当初、成果文書案には、「化石燃料の段階的廃止」が盛り込まれていた。この文書案には、欧州を中心に約100カ国が賛同した。COPに参加した国の約半数に及ぶ。
だが、サウジアラビアなど石油を産出する国などが反対し、会期中にはまとまらなかった。13日に採択した成果文書では、「化石燃料の段階的廃止」は取り消され、「公正かつ秩序だった公平な方法でエネルギーシステムにおける化石燃料からの脱却を図り、2050年までに(温室効果ガス排出の)実質ゼロを達成する」となった。
「化石燃料からの脱却」という言葉が成果文書に入ったのは初だ。世界の気候変動対策の進捗状況を評価する「グローバル・ストックテイク」の決定を採択できたことが要因だ。2030年に再生可能エネルギーの設備容量を3倍に拡大することも盛り込んだ。
■環境NGO、「抜け穴もあり、実現への実効性もない」
今回のCOP合意を歓迎する声もある。だが、化石燃料からの脱却に向けて、どのような資金支援をもとに、どう公平に進めるかについて不明確なままだ。国際環境NGOからは、抜け穴もあり、実現への実効性もないという声も出ている。

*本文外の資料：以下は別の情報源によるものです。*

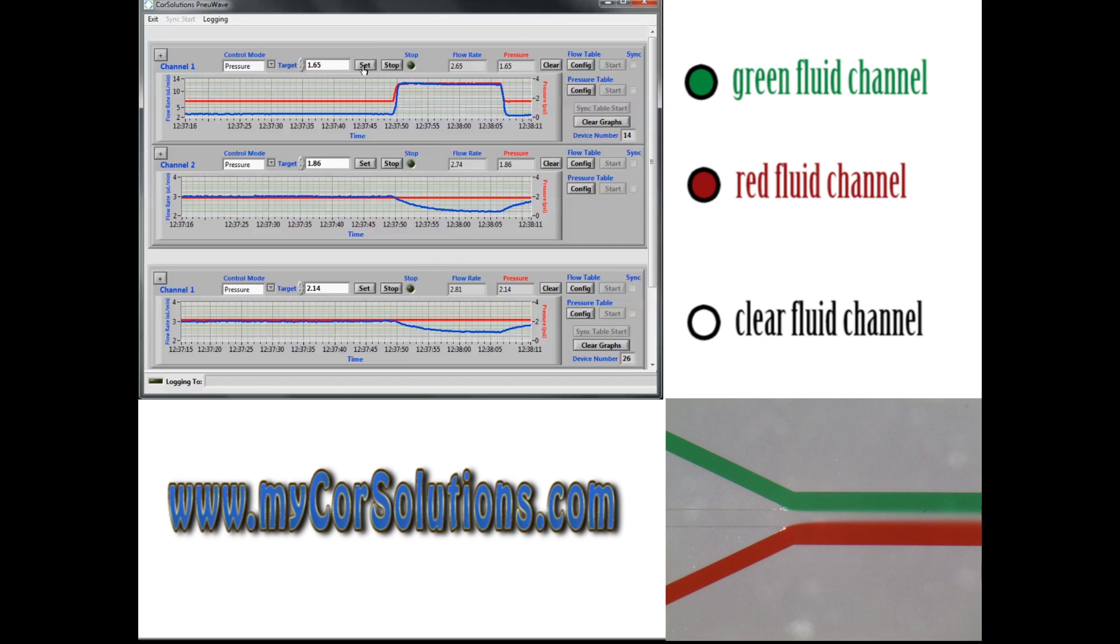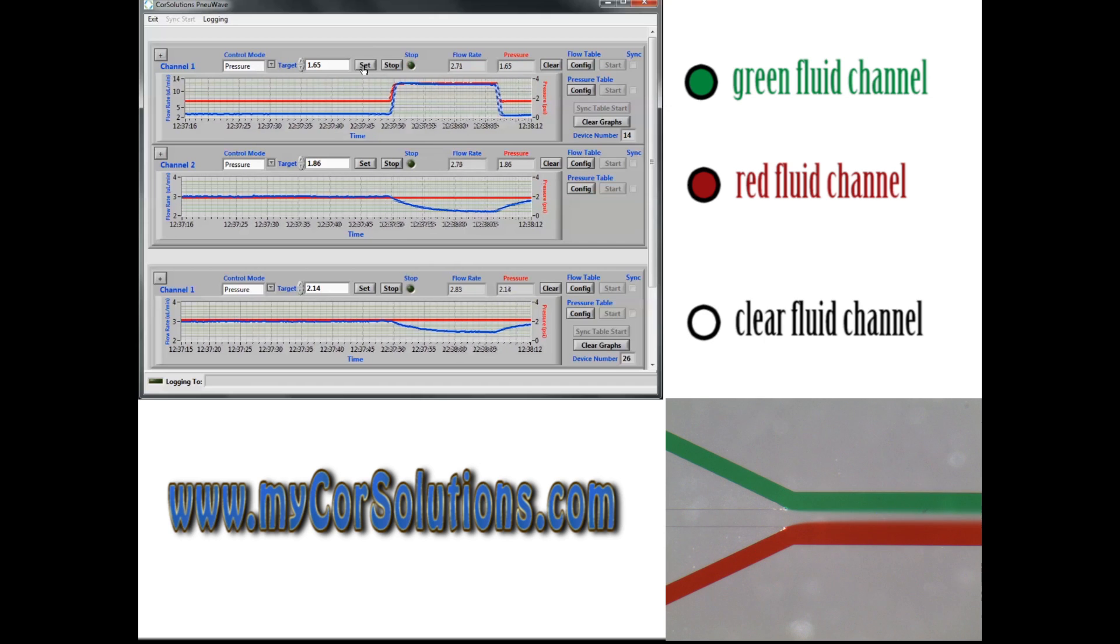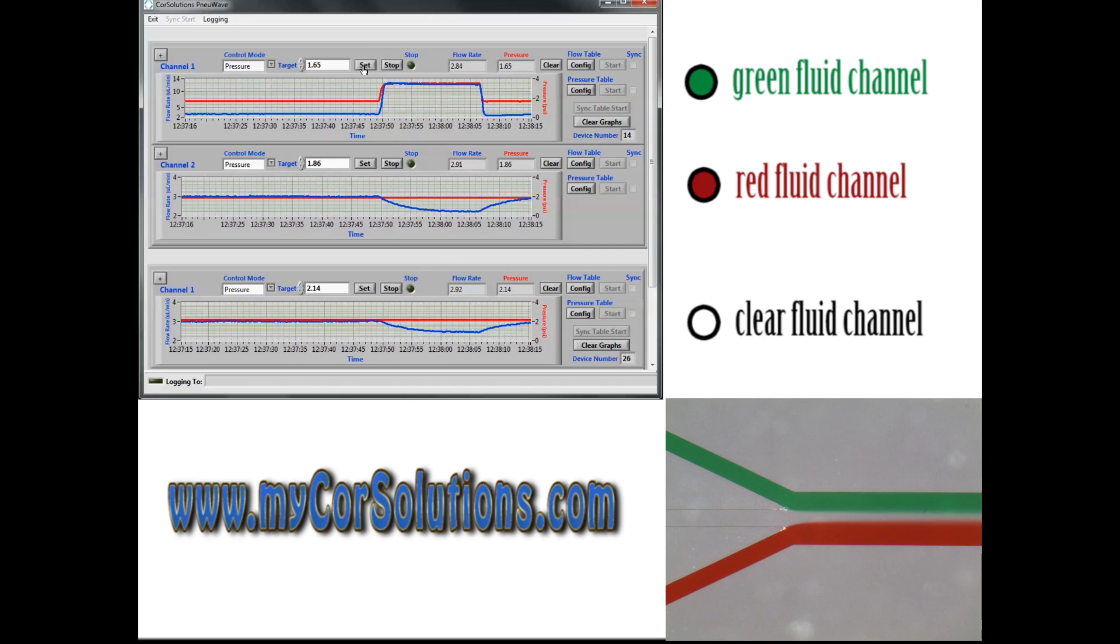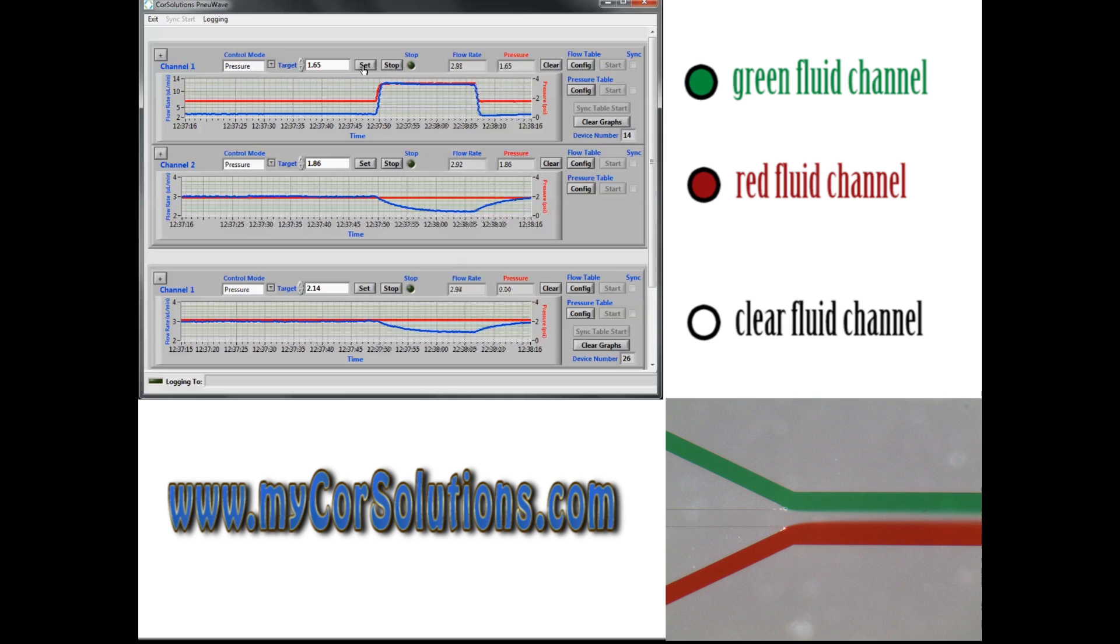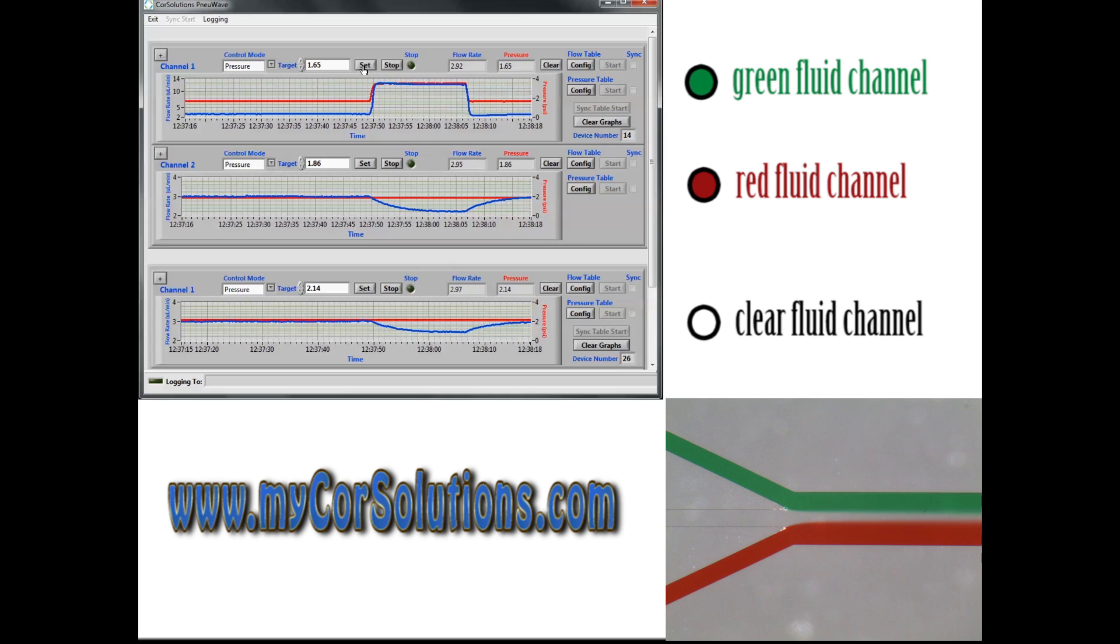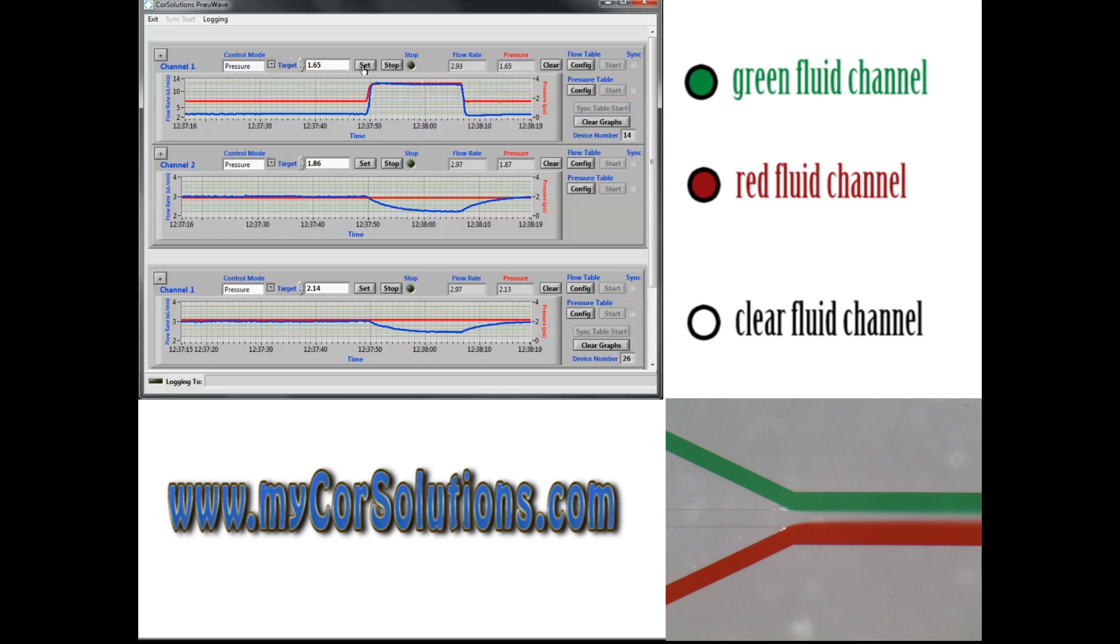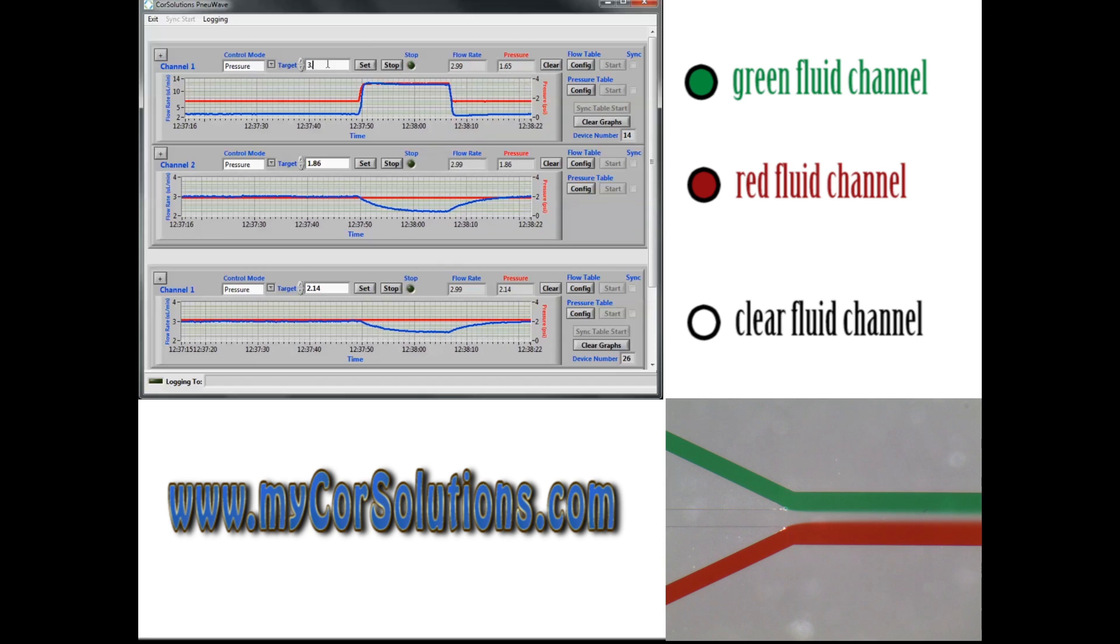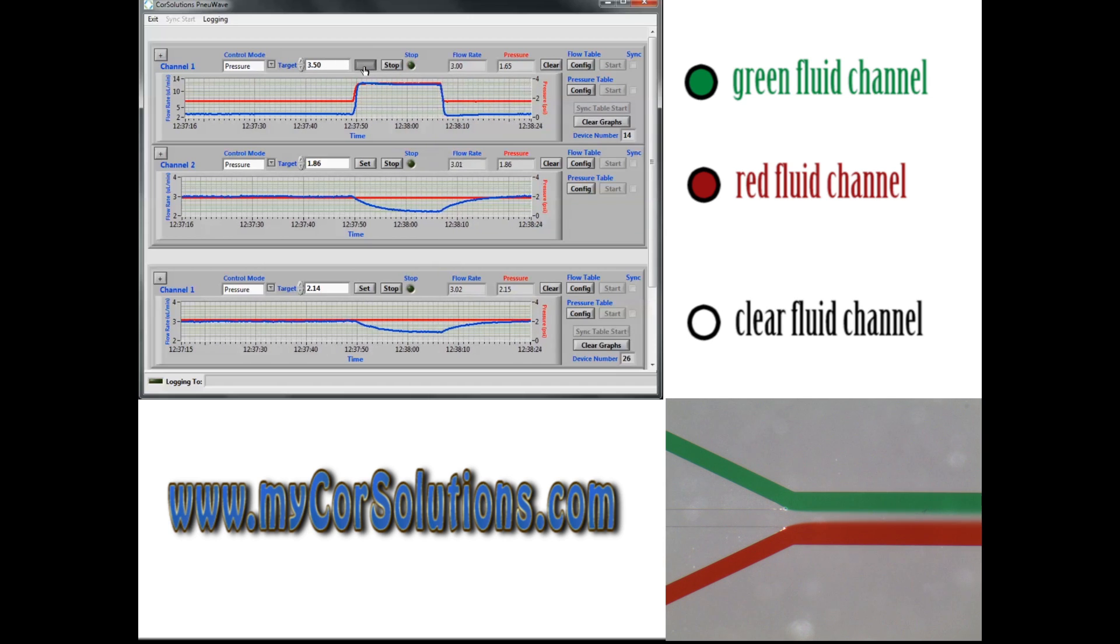Then the set point pressure for the green liquid is increased to approximately double, where the pressures for the other two channels remain unchanged. As expected, this pressure increase causes the flow rate of the green liquid to increase.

「脱却」に向けた法的枠組みやタイムラインなど明確な道筋は文書に入っていない。「化石燃料の段階的廃止」に反対していた国が合意した背景に、「各国の事情に合わせて、方法は自由に決められる」という文言があるという。
国際環境NGO 350.orgのメイ・ブーヴィ事務局長は、「石油や化石ガスの拡大につながる『目くらまし』を含んでいる」と指摘した。
「目くらまし」とは、化石燃料インフラの寿命を延ばす革新的技術などを指す。具体的には、二酸化炭素を分離・回収し、地中などに貯留する「CCS」だ。
日本政府の「ゼロエミッション火力」戦略でもこの「CCS」の利用を目指す。石炭とアンモニアの混焼で火力発電を稼働し、排出した温室効果ガスをCCSで貯留する計画だ。だが、アンモニアは燃焼時には温室効果ガスを排出しないが、製造時に排出する。
革新的技術を導入するまでのタイムラインにも課題がある。気候変動に関する政府間パネル(IPCC)が公表したシナリオでは、パリ協定で定めた「1.5℃目標」を達成するには、2025年までに温室効果ガス排出量を減少させる必要があると指摘した。2025年までにこれらの革新的技術の導入は難しい。
COP28に参加した350.orgの伊与田昌慶ジャパン・キャンペーナーは、「COP合意は、原子力や、化石燃料インフラの寿命を延ばすCCSといった危険な目くらましの余地を残している」と話した。
日本政府には、今後見直す「エネルギー基本計画」で化石燃料の段階的廃止を明言し、地域主導の再生可能エネルギーを支援するよう訴えた。